7 Steps to Understanding Deep Learning
There are many deep learning resources freely available online, but it can be confusing knowing where to begin. Go from vague understanding of deep neural networks to knowledgeable practitioner in 7 steps!
Deep learning is a branch of machine learning, employing numerous similar, yet distinct, deep neural network architectures to solve various problems in natural language processing, computer vision, and bioinformatics, among other fields. Deep learning has experienced a tremendous recent research resurgence, and has been shown to deliver state of the art results in numerous applications.
In essence, deep learning is the implementation of neural networks with more than a single hidden layer of neurons. This is, however, a very simplistic view of deep learning, and not one that is unanimously agreed upon. These "deep" architectures also vary quite considerably, with different implementations being optimized for different tasks or goals. The vast research being produced at such a constant rate is revealing new and innovative deep learning models at an ever-increasing pace.
The layers of neural networks.
Currently a white hot research topic, deep learning seems to be impacting all areas of machine learning and, by extension, data science. A look over recent papers in the relevant arXiv categories makes it easy to see that a large amount of what is being published is deep learning-related. Given the impressive results being produced, many researchers, practitioners, and laypeople alike are wondering if deep learning is the edge of "true" artificial intelligence.
This collection of reading materials and tutorials aims to provide a path for a deep neural networks newcomer to gain some understanding of this vast and complex topic. Though I do not assume any real understanding of neural networks or deep learning, I will assume your familiarity with general machine learning theory and practice to some degree. To overcome any deficiency you may have in the general areas of machine learning theory or practice you can consult the recent KDnuggets post 7 Steps to Mastering Machine Learning With Python. Since we will also see examples implemented in Python, some familiarity with the language will be useful. Introductory and review resources are also available in the previously mentioned post.

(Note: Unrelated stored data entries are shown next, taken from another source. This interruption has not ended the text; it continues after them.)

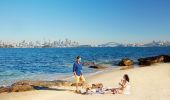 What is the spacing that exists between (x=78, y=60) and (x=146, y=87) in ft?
17.5

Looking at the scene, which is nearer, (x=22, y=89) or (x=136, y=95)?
(x=136, y=95)

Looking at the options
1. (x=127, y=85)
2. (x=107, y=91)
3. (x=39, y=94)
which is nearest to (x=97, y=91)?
(x=107, y=91)

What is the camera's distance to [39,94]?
20.2 meters

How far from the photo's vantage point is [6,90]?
2191cm

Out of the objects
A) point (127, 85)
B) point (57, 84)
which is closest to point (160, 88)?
point (127, 85)

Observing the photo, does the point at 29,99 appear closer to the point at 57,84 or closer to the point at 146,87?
the point at 57,84

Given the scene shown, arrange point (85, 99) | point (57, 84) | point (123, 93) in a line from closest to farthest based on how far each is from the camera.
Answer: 1. point (85, 99)
2. point (123, 93)
3. point (57, 84)

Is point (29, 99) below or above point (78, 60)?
below

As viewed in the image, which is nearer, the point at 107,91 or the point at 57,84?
the point at 107,91

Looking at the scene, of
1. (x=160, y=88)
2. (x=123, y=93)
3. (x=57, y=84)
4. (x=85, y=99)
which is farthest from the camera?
(x=57, y=84)

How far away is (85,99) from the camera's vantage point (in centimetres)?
1775

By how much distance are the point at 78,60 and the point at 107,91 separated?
2700 millimetres

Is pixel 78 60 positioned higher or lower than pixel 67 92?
higher

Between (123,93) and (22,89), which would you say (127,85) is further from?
(22,89) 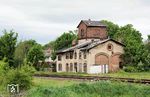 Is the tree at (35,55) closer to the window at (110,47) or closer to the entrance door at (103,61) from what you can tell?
the entrance door at (103,61)

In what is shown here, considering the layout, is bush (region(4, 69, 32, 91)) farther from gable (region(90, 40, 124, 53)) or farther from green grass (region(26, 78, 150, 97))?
gable (region(90, 40, 124, 53))

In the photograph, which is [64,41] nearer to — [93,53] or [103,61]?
[93,53]

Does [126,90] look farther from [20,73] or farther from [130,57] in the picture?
[130,57]

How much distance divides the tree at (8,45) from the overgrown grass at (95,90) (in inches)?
1644

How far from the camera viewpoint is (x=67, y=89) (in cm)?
2958

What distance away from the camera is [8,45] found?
7375 centimetres

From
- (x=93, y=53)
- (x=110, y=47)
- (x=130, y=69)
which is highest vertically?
(x=110, y=47)

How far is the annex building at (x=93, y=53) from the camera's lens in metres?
76.3

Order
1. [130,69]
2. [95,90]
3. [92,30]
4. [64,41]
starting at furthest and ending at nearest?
[64,41]
[92,30]
[130,69]
[95,90]

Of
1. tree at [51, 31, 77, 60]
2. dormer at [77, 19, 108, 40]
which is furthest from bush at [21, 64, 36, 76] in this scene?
tree at [51, 31, 77, 60]

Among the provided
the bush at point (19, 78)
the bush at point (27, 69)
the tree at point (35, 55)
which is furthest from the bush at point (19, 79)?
the tree at point (35, 55)

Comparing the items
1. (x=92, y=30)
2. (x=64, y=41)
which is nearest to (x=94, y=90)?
(x=92, y=30)

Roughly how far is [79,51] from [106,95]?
171 feet

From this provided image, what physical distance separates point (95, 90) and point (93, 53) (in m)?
45.7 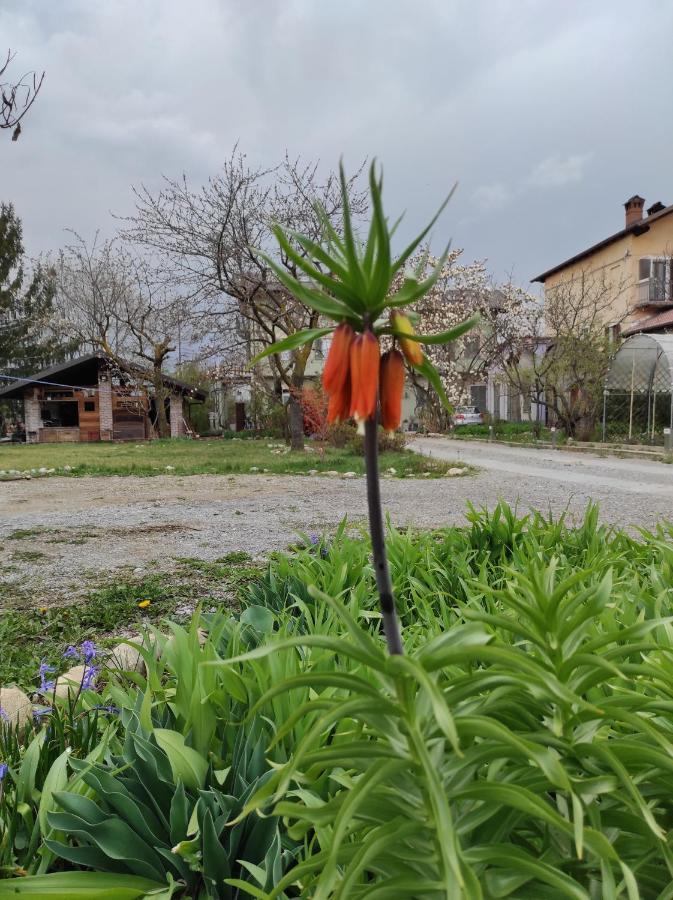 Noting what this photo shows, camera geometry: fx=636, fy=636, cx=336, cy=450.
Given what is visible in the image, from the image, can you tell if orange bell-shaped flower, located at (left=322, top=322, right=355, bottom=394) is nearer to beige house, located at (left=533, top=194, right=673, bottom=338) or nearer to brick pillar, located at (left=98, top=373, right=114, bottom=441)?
beige house, located at (left=533, top=194, right=673, bottom=338)

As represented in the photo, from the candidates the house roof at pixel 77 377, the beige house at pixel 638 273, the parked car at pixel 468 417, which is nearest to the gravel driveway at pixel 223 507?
the beige house at pixel 638 273

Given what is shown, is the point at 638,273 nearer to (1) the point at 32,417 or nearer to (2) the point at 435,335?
(1) the point at 32,417

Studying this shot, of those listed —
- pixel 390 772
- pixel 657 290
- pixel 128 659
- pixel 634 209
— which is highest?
pixel 634 209

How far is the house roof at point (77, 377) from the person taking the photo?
29141 millimetres

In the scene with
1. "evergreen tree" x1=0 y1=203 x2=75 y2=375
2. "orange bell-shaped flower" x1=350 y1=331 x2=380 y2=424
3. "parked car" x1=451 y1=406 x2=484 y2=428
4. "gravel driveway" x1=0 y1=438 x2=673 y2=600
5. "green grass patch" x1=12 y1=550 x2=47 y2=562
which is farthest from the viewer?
"evergreen tree" x1=0 y1=203 x2=75 y2=375

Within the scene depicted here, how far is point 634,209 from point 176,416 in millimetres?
22537

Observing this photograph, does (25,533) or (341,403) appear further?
(25,533)

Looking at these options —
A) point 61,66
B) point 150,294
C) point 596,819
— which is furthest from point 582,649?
point 150,294

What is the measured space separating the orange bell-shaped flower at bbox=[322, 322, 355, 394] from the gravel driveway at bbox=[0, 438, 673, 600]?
137 inches

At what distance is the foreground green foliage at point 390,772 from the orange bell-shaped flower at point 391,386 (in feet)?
0.75

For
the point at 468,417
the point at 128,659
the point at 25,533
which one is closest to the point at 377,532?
the point at 128,659

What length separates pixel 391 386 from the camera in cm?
74

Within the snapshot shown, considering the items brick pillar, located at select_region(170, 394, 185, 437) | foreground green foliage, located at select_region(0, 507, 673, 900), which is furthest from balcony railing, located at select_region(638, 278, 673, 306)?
foreground green foliage, located at select_region(0, 507, 673, 900)

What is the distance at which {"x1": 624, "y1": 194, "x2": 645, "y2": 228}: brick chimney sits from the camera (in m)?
27.2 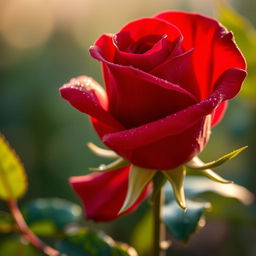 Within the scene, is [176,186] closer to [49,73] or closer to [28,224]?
[28,224]

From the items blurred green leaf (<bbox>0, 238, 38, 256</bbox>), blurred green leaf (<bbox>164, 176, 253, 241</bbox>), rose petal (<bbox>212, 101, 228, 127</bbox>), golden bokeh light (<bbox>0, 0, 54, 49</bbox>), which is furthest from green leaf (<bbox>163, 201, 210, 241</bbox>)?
golden bokeh light (<bbox>0, 0, 54, 49</bbox>)

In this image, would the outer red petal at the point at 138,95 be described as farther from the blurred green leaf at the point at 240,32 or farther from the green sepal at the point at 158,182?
the blurred green leaf at the point at 240,32

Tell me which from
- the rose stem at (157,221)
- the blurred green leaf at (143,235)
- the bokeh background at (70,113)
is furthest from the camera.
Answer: the bokeh background at (70,113)

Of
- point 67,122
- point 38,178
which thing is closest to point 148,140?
point 38,178

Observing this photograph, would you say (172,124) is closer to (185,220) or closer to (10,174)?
(185,220)

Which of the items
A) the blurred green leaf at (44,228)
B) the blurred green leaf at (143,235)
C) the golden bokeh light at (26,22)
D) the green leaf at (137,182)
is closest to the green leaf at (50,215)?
the blurred green leaf at (44,228) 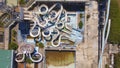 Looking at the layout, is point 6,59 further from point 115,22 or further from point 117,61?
point 115,22

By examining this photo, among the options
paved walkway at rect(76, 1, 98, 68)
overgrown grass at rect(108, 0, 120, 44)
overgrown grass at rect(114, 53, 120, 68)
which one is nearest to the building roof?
paved walkway at rect(76, 1, 98, 68)

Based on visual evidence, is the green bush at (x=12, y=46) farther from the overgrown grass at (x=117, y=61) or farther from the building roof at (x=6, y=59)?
the overgrown grass at (x=117, y=61)

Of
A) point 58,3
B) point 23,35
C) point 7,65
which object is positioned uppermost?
point 58,3

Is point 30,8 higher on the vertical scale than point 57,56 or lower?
higher

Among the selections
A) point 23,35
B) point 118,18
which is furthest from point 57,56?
point 118,18

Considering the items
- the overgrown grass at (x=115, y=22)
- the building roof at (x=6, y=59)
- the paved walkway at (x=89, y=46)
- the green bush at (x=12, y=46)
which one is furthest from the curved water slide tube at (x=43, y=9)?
the overgrown grass at (x=115, y=22)

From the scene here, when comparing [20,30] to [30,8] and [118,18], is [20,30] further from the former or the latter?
[118,18]

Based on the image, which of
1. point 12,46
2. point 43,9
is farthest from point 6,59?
point 43,9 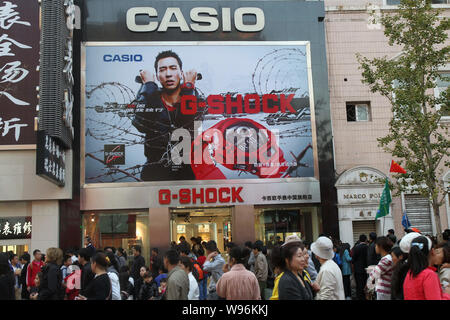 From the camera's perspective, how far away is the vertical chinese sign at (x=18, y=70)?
1714 centimetres

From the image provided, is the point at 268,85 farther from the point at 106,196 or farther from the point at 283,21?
the point at 106,196

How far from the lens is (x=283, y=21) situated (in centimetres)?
1955

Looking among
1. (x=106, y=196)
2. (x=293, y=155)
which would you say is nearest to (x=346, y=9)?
Result: (x=293, y=155)

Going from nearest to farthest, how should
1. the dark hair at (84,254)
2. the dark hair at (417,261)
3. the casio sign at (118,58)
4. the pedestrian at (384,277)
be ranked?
the dark hair at (417,261) → the pedestrian at (384,277) → the dark hair at (84,254) → the casio sign at (118,58)

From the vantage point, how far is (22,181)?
56.3ft

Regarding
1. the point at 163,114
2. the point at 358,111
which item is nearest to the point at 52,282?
the point at 163,114

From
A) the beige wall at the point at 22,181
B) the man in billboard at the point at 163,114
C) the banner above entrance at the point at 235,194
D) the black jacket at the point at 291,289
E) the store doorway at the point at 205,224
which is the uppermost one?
the man in billboard at the point at 163,114

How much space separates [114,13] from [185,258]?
13.9 meters

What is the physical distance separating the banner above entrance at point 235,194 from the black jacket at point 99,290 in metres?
12.0

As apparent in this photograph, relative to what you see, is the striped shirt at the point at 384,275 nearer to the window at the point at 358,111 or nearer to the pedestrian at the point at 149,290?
the pedestrian at the point at 149,290

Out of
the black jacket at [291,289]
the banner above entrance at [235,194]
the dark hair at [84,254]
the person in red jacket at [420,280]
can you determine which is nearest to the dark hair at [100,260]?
the dark hair at [84,254]

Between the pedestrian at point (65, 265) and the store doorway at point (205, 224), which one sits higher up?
the store doorway at point (205, 224)

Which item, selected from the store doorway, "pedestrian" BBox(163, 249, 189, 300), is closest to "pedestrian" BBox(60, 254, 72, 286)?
"pedestrian" BBox(163, 249, 189, 300)

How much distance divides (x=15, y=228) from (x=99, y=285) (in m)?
12.9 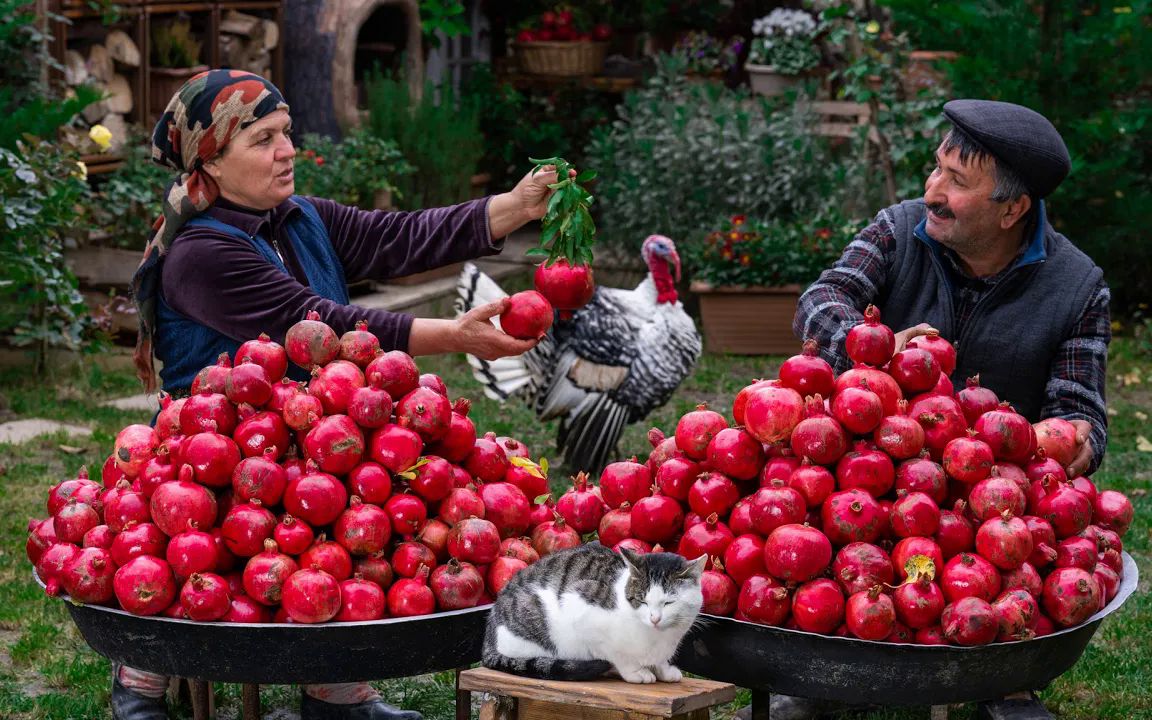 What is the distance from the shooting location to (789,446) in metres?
2.72

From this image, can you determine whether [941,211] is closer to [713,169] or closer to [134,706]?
[134,706]

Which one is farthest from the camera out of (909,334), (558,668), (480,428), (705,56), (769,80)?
(705,56)

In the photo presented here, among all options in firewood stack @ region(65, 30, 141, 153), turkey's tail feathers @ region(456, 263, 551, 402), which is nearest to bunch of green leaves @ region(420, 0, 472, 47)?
firewood stack @ region(65, 30, 141, 153)

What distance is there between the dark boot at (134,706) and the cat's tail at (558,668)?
1185 mm

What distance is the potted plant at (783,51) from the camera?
10.7 m

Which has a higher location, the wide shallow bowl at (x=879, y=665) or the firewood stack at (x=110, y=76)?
the firewood stack at (x=110, y=76)

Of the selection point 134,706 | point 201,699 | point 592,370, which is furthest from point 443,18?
point 201,699

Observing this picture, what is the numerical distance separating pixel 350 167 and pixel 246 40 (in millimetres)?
1201

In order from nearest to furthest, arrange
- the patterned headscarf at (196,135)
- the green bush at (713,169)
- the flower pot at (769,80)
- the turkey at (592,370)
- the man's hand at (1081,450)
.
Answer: the man's hand at (1081,450) → the patterned headscarf at (196,135) → the turkey at (592,370) → the green bush at (713,169) → the flower pot at (769,80)

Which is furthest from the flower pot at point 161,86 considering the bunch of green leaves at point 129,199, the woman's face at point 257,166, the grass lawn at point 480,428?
the woman's face at point 257,166

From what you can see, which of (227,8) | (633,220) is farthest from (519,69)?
(227,8)

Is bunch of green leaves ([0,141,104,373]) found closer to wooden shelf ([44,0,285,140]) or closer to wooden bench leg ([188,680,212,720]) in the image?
wooden shelf ([44,0,285,140])

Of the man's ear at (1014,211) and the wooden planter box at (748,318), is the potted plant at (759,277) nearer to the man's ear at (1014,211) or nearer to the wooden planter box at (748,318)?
the wooden planter box at (748,318)

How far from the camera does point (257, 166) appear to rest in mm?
3324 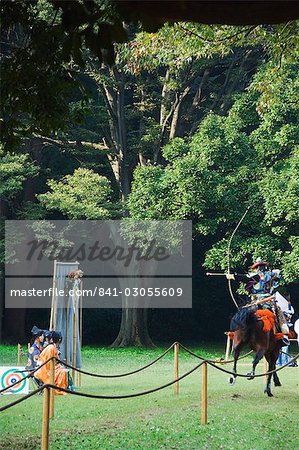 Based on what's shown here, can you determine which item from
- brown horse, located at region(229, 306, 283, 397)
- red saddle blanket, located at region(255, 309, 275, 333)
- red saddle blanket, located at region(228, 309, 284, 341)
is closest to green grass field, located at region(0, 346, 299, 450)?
brown horse, located at region(229, 306, 283, 397)

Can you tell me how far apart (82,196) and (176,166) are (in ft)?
8.52

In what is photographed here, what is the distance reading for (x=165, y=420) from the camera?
9781mm

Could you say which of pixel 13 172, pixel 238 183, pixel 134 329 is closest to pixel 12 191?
pixel 13 172

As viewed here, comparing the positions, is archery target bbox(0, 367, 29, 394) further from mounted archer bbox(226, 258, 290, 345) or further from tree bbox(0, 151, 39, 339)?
tree bbox(0, 151, 39, 339)

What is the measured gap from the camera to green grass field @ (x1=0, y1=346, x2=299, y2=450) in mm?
8641

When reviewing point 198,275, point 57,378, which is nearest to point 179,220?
point 198,275

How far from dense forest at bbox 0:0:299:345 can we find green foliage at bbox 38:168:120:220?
1.4 inches

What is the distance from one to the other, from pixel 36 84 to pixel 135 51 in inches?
402

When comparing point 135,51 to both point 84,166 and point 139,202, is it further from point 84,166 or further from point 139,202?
point 84,166

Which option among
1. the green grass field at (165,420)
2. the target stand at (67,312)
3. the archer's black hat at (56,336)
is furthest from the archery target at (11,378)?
the target stand at (67,312)

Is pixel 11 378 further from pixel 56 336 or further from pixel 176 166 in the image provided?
pixel 176 166

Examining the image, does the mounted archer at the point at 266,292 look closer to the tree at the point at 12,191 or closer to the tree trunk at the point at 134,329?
the tree at the point at 12,191

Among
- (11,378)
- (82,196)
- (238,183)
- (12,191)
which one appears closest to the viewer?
(11,378)

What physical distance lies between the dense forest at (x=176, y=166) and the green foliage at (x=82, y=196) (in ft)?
0.12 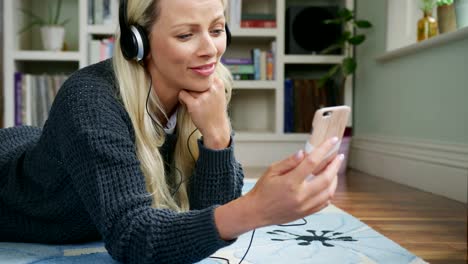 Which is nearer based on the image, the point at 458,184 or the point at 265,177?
the point at 265,177

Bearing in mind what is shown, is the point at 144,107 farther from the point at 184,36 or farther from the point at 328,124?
the point at 328,124

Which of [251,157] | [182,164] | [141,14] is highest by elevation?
[141,14]

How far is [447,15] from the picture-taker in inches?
91.9

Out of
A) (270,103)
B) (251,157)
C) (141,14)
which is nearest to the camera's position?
(141,14)

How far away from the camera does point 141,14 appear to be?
96 centimetres

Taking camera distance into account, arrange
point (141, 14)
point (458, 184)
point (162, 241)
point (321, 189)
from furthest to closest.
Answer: point (458, 184)
point (141, 14)
point (162, 241)
point (321, 189)

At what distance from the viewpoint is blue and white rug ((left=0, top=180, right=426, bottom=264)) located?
1089 mm

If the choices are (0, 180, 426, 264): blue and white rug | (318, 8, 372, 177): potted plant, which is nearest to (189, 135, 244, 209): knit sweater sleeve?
(0, 180, 426, 264): blue and white rug

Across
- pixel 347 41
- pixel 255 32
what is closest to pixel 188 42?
Result: pixel 347 41

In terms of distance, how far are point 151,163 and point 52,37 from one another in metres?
2.78

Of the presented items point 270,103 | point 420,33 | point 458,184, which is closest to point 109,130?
point 458,184

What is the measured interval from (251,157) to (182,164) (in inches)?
92.8

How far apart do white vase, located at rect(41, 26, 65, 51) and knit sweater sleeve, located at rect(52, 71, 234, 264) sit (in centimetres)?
277

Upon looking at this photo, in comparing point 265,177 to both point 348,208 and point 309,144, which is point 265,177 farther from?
point 348,208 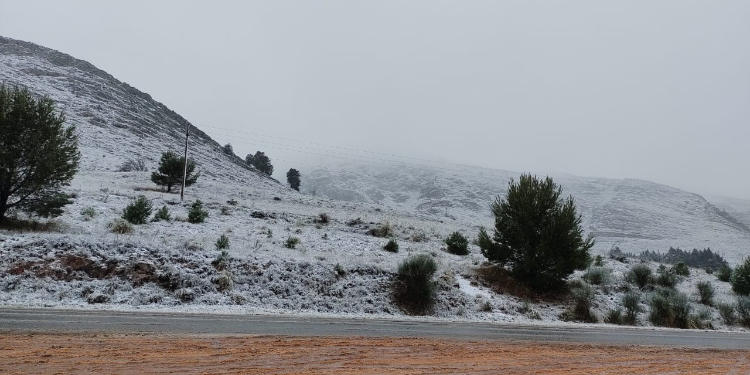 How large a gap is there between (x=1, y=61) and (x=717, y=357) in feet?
310

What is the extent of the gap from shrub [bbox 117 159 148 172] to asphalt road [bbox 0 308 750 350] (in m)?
42.1

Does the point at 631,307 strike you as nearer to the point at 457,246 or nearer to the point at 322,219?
the point at 457,246

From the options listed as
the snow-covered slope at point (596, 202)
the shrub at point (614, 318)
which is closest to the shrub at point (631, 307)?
the shrub at point (614, 318)

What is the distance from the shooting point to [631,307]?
20.0 metres

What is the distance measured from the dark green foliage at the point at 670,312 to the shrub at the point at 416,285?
395 inches

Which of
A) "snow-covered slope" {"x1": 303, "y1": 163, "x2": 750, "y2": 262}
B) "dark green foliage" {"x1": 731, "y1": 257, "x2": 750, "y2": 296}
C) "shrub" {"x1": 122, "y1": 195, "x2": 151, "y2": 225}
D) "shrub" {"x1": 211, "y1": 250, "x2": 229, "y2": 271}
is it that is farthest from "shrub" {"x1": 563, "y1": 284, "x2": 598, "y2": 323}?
"snow-covered slope" {"x1": 303, "y1": 163, "x2": 750, "y2": 262}

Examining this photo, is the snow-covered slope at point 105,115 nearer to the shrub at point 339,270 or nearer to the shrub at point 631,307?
the shrub at point 339,270

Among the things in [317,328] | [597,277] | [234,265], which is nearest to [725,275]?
[597,277]

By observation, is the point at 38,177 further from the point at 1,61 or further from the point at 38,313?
the point at 1,61

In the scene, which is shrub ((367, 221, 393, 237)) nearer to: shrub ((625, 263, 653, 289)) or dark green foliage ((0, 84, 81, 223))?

This post will utilize freely-available materials from around the web in a cohesive order to first gain some understanding of deep neural networks at a theoretical level, and then move on to some practical implementations. As such, credit for the materials referenced lie solely with the creators, who will be noted alongside the resources. If you see that someone has not been properly credited for their work, please alert me to the oversight so that I may swiftly rectify it.
A stark and honest disclaimer: deep learning is a complex and quickly-evolving field of both breadth and depth (pun unintended?), and as such this post does not claim to be an all-inclusive manual to becoming a deep learning expert; such a transformation would take greater time, many additional resources, and lots of practice building and testing models. I do, however, believe that utilizing the resources herein could help get you started on just such a path.
Step 1: Introducing Deep Learning
If you are reading this and interested in the topic, then you are probably already familiar with what deep neural networks are, if even at a basic level. Neural networks have a storied history, but we won't be getting into that. We do, however, want a common high level of understanding to begin with.
First, have a look at the fantastic introductory videos from DeepLearning.tv. At the time of this writing there are 14 videos; watch them all if you like, but definitely watch the first 5, covering the basics of neural nets and some of the more common architectures.
Next, read over the NIPS 2015 Deep Learning Tutorial by Geoff Hinton, Yoshua Bengio, and Yann LeCun for an introduction at a slightly lower level.
To round out our first step, read the first chapter of Neural Networks and Deep Learning, the fantastic, evolving online book by Michael Nielsen, which goes a step further but still keeps things fairly light.
Step 2: Getting Technical
Deep neural nets rely on a mathematical foundation of algebra and calculus. While this post will not produce any theoretical mathematicians, gaining some understanding of the basics before moving on would be helpful.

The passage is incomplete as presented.